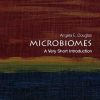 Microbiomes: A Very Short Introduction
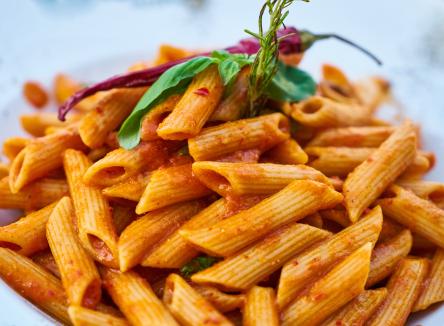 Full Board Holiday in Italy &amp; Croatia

...

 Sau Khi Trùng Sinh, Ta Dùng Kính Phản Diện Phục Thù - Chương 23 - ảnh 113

* * *

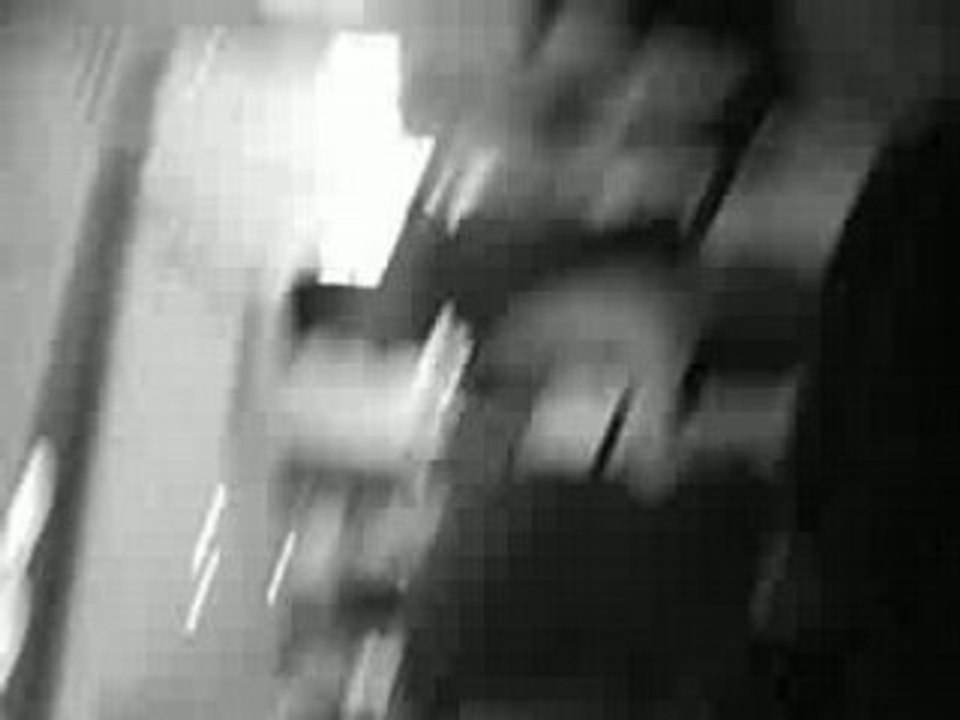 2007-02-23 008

Required work
Return the material from the line containing "Microbiomes: A Very Short Introduction" through the line containing "Full Board Holiday in Italy &amp; Croatia", exactly and in full, but without its pictures.

Task solution
 Microbiomes: A Very Short Introduction
 Full Board Holiday in Italy &amp; Croatia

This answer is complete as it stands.